It was great working with these guys and even though it was mostly clean up they did bring their own style to clip and that makes me super happy. I hate working on productions where they try to stamp that out. I'd rather anything I produce to show the individual artists handwork.

With the animation (I know I'm all over the place here) I really tried to push the drawings to make the pose sell 90% of the animation. To jam it full of character and to not be bland. I still feel due to working commercially (having to scale back a lot of my stuff) and not putting enough time into developing my drawing skills my drawings are still a bit too conservative and held back. I still have so much more room to push the drawings more than I have.

I've always wanted my drawing/animation style to reach the level of Chuck Jones/Ken Harris stuff. Strong amazing poses with absolutely perfect expressions. From my studies of their works it really comes down to the importance of your line. Every line must convey the weight and strength of the pose and like the backgrounds it must be part of the pose not an individual useless line. Well that's the theory.

This sequence of the run take off I think was the closest to what I was trying to achieve. I'm pretty sure this was inspired by the dumb sonic running meme that was happening at the time.

 (I flared the little red dot on his shoes and used the smoke to show the speed and direction)

 (I turned the flare into the sonic/road runner sideways 8) 

(Antic pull back to explode forward. Finding that timing sweet spot for this is always the hardest.)

The video did ok on R-Twizz's channel nearly 5,000 views and I got a couple of views on my youtube just over 2,000 (I made $4 off the adds haha profit) and there's a new clip for me to do so I'll be posting about that one in a month. (In case you were wondering, I'm currently producing an animated short about aliens that break in and probe a guy for fun).

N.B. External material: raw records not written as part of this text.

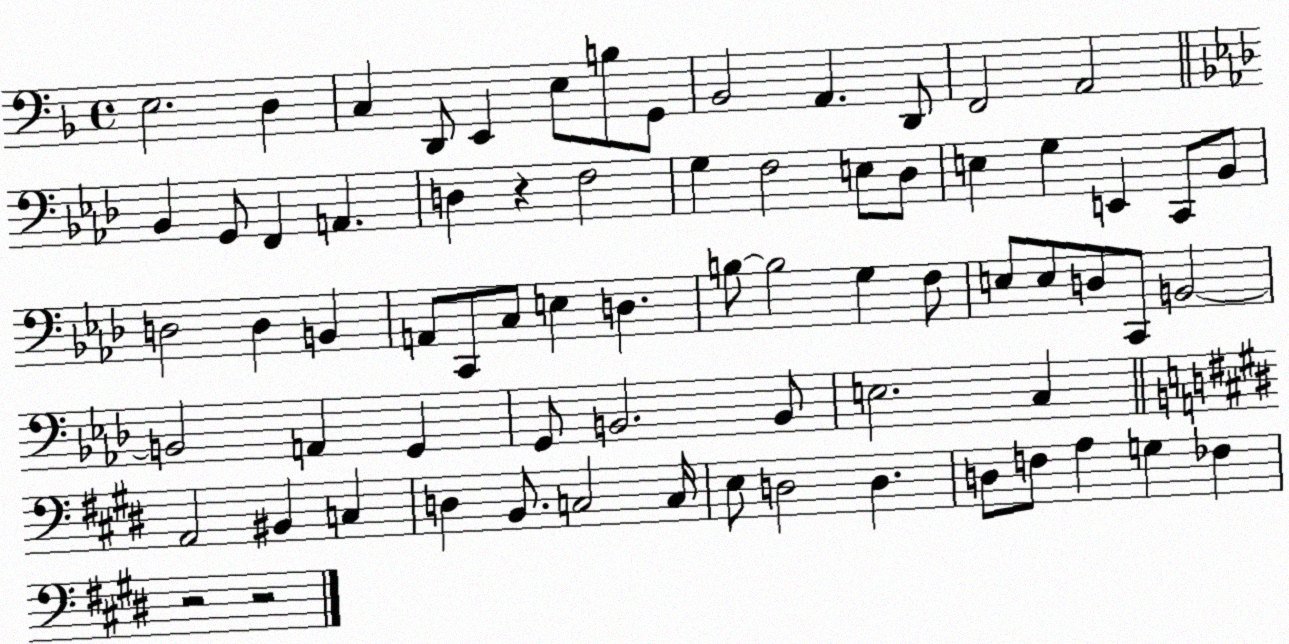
X:1
T:Untitled
M:4/4
L:1/4
K:F
E,2 D, C, D,,/2 E,, E,/2 B,/2 G,,/2 _B,,2 A,, D,,/2 F,,2 A,,2 _B,, G,,/2 F,, A,, D, z F,2 G, F,2 E,/2 _D,/2 E, G, E,, C,,/2 _B,,/2 D,2 D, B,, A,,/2 C,,/2 C,/2 E, D, B,/2 B,2 G, F,/2 E,/2 E,/2 D,/2 C,,/2 B,,2 B,,2 A,, G,, G,,/2 B,,2 B,,/2 E,2 C, A,,2 ^B,, C, D, B,,/2 C,2 C,/4 E,/2 D,2 D, D,/2 F,/2 A, G, _F, z2 z2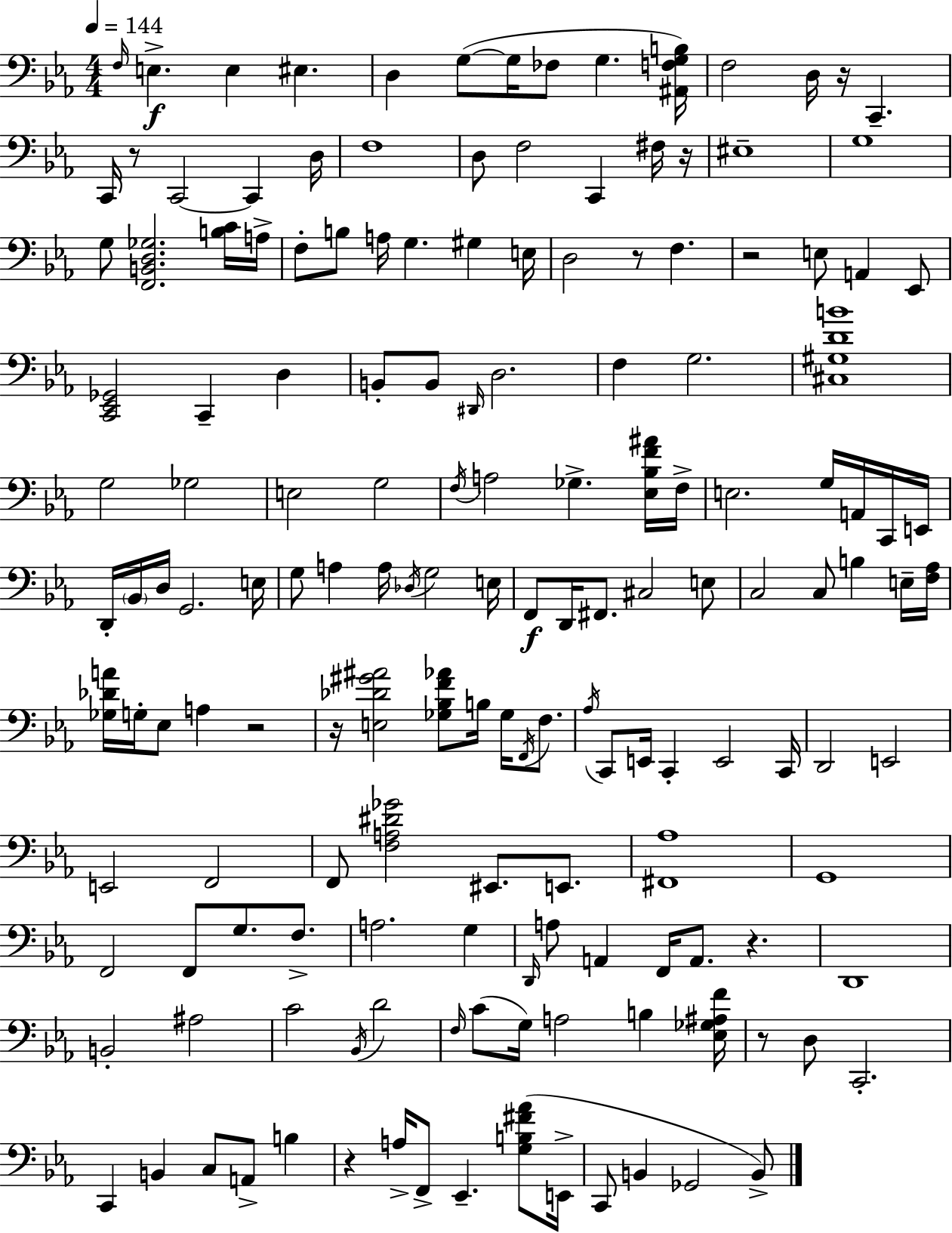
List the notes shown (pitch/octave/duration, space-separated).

F3/s E3/q. E3/q EIS3/q. D3/q G3/e G3/s FES3/e G3/q. [A#2,F3,G3,B3]/s F3/h D3/s R/s C2/q. C2/s R/e C2/h C2/q D3/s F3/w D3/e F3/h C2/q F#3/s R/s EIS3/w G3/w G3/e [F2,B2,D3,Gb3]/h. [B3,C4]/s A3/s F3/e B3/e A3/s G3/q. G#3/q E3/s D3/h R/e F3/q. R/h E3/e A2/q Eb2/e [C2,Eb2,Gb2]/h C2/q D3/q B2/e B2/e D#2/s D3/h. F3/q G3/h. [C#3,G#3,D4,B4]/w G3/h Gb3/h E3/h G3/h F3/s A3/h Gb3/q. [Eb3,Bb3,F4,A#4]/s F3/s E3/h. G3/s A2/s C2/s E2/s D2/s Bb2/s D3/s G2/h. E3/s G3/e A3/q A3/s Db3/s G3/h E3/s F2/e D2/s F#2/e. C#3/h E3/e C3/h C3/e B3/q E3/s [F3,Ab3]/s [Gb3,Db4,A4]/s G3/s Eb3/e A3/q R/h R/s [E3,Db4,G#4,A#4]/h [Gb3,Bb3,F4,Ab4]/e B3/s Gb3/s F2/s F3/e. Ab3/s C2/e E2/s C2/q E2/h C2/s D2/h E2/h E2/h F2/h F2/e [F3,A3,D#4,Gb4]/h EIS2/e. E2/e. [F#2,Ab3]/w G2/w F2/h F2/e G3/e. F3/e. A3/h. G3/q D2/s A3/e A2/q F2/s A2/e. R/q. D2/w B2/h A#3/h C4/h Bb2/s D4/h F3/s C4/e G3/s A3/h B3/q [Eb3,Gb3,A#3,F4]/s R/e D3/e C2/h. C2/q B2/q C3/e A2/e B3/q R/q A3/s F2/e Eb2/q. [G3,B3,F#4,Ab4]/e E2/s C2/e B2/q Gb2/h B2/e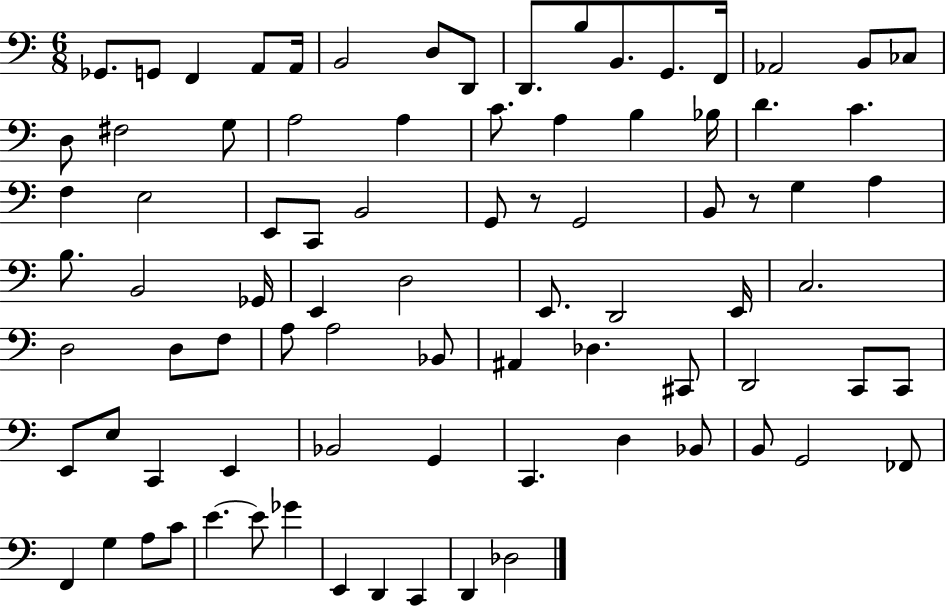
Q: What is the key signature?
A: C major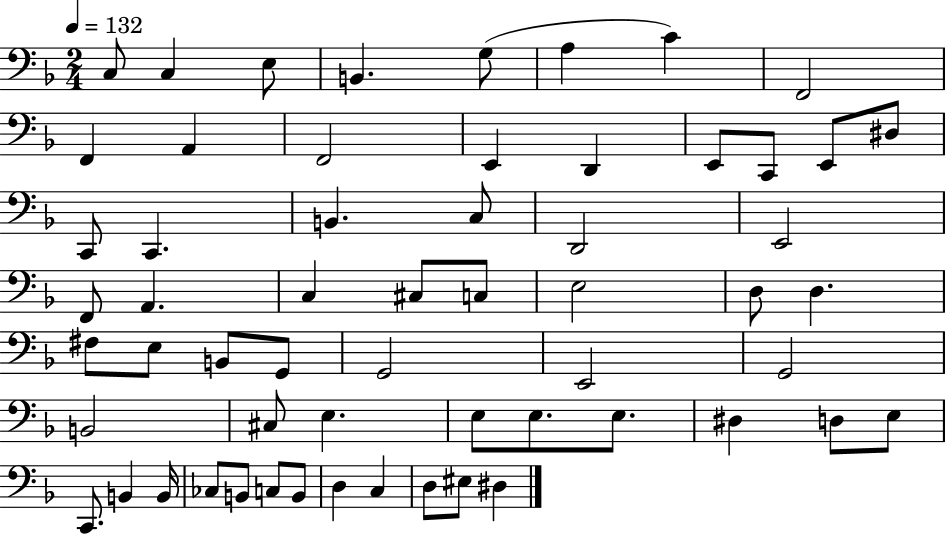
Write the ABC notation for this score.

X:1
T:Untitled
M:2/4
L:1/4
K:F
C,/2 C, E,/2 B,, G,/2 A, C F,,2 F,, A,, F,,2 E,, D,, E,,/2 C,,/2 E,,/2 ^D,/2 C,,/2 C,, B,, C,/2 D,,2 E,,2 F,,/2 A,, C, ^C,/2 C,/2 E,2 D,/2 D, ^F,/2 E,/2 B,,/2 G,,/2 G,,2 E,,2 G,,2 B,,2 ^C,/2 E, E,/2 E,/2 E,/2 ^D, D,/2 E,/2 C,,/2 B,, B,,/4 _C,/2 B,,/2 C,/2 B,,/2 D, C, D,/2 ^E,/2 ^D,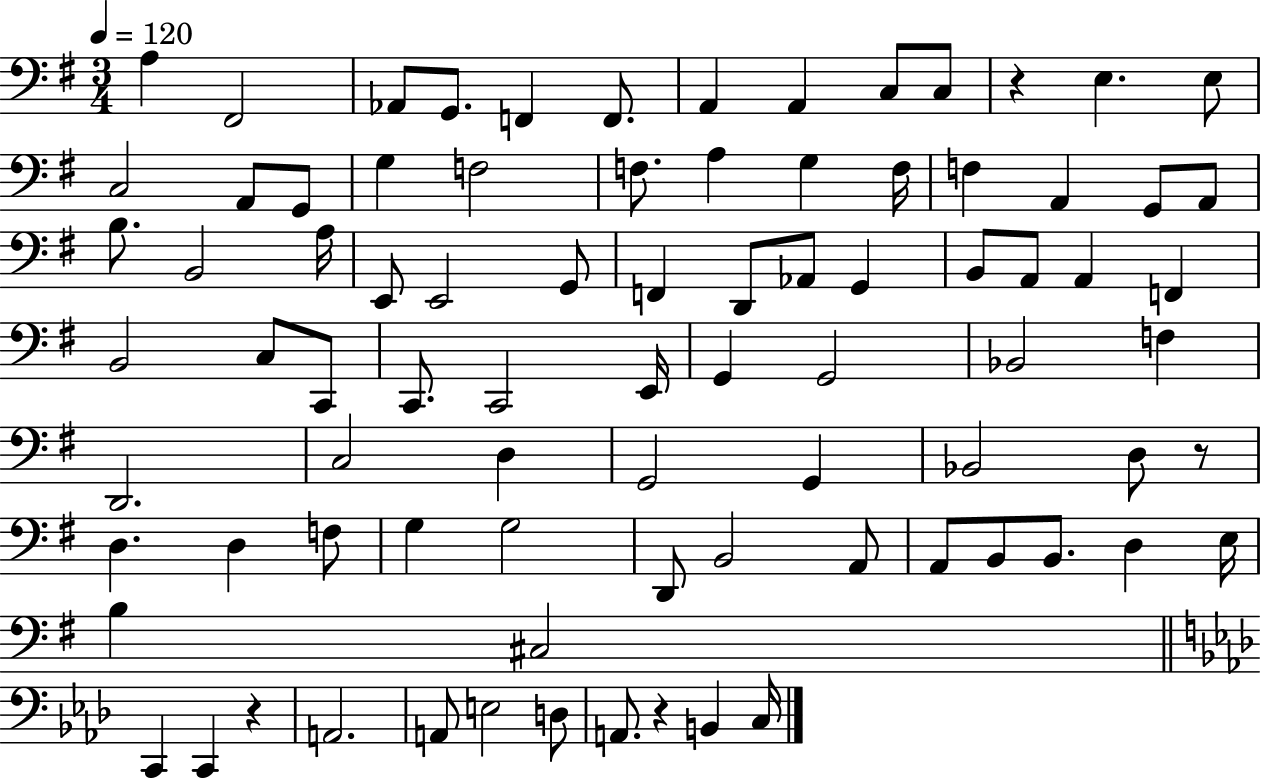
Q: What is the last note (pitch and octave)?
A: C3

All in all I'm pretty happy with how it turned out. I've had some nice feedback on this and my friends who worked on it actually enjoyed working in this style (or at least said they did haha). I do hope I can find a way to leave the horrible unfun world of nested symbol flash animation and make traditional fun hand drawn cartoons that embrace the fact that they are hand drawn.


I also should look at reference when drawing a donkey. Haha that thing is crazy

2 comments:

Super Aska said...

Hey Tim

This is great!
I think it's almost impossible to really see your own style when you're experimenting and expanding all the time, as you are, but that's what audience is for - feedback.
:)
I love the way you animate movement and I think there'll always be something Merk-esque about it, no matter how you decide to draw the characters.

mrmerks said...

Thanks Aska!

yeah I do think I have a recognisable style with how I approach movement. Well more than one person has said this to me. I think that's cool.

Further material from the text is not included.